Premiato come miglior film e miglior attore straniero in un film italiano (relativamente all'interpretazione lodevole di Jacques Sernas, in grado di dar vita ad un personaggio dai molti risvolti e dalle mille sfaccettature, quasi tutte rivolte verso il male), Gioventù perduta anticipa le tematiche di molto cinema futuro impegnato a dedicarsi al disagio dell'età giovanile, al baratro a cui sono destinate certe esistenze illuse a tal punto dai progetti di un facile arricchimento, da inoltrarsi con deliberata imprudenza verso la strada senza ritorno del crimine più efferato e crudele.

da qui

 

Direttamente da uno dei momenti più drammaticamente dinamici della storia italiana (il primo dopoguerra), Pietro Germi con la fascinazione del 'nero' americano riesce a congelare il periodo. Un periodo di passaggio, di trasformazione, di disagio. E proprio attraverso l'inquietudine del futuro imprevedibile inserito nello schema cinematografico d'oltreoceano, l'intreccio si apre anche ad una visione morale, esistenziale, sociale. La generazione testimone dell'abbassamento di umanità durante la guerra non riesce più a trovare una bussola per orientarsi nel mare del nichilismo e del cinismo.
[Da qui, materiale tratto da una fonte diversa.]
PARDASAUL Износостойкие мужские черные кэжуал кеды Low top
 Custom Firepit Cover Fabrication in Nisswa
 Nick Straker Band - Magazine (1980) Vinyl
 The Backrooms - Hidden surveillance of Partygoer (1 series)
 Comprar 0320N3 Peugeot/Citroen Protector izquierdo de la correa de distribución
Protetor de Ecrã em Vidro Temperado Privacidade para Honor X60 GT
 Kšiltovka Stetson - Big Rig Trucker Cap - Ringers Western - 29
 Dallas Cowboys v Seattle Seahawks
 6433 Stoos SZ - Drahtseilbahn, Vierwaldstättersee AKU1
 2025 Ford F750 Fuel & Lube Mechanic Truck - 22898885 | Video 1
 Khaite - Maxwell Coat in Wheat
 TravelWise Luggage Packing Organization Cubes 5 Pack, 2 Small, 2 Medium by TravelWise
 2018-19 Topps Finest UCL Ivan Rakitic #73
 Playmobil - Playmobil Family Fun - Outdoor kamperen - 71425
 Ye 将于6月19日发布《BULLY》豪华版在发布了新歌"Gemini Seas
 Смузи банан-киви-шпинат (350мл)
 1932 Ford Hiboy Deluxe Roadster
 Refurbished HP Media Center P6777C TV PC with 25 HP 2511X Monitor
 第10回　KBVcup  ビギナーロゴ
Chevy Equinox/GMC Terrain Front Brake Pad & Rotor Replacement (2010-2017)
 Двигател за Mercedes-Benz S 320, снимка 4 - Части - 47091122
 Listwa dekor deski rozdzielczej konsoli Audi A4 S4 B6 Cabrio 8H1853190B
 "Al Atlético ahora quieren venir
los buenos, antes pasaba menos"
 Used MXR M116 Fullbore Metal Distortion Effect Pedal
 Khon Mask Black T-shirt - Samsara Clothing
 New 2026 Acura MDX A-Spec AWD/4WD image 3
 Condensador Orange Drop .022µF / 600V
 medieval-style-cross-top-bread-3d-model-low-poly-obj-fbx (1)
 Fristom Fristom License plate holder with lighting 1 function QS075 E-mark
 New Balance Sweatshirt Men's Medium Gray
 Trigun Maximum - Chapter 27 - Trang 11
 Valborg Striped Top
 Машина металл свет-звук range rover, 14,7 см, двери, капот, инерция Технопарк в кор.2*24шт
E si perde. Quando gli ideali crollano, le basi su cui poggiavano lasciano intravedere il vuoto. La visione ora dunque si fa drammatica e l'unica cosa che rimane è l'accumulo di denaro e oggetti preziosi, anticipando le 'depravazioni' consumistiche del boom economico. Gioventù Perduta è un film duro, schematico che dietro alla pura azione cela un pessimismo disturbante, avvolgente, come avvolge e inghiotte l'oscuro gorgo dei titoli iniziali che fin dal principio inghiotte lo sguardo dello spettatore.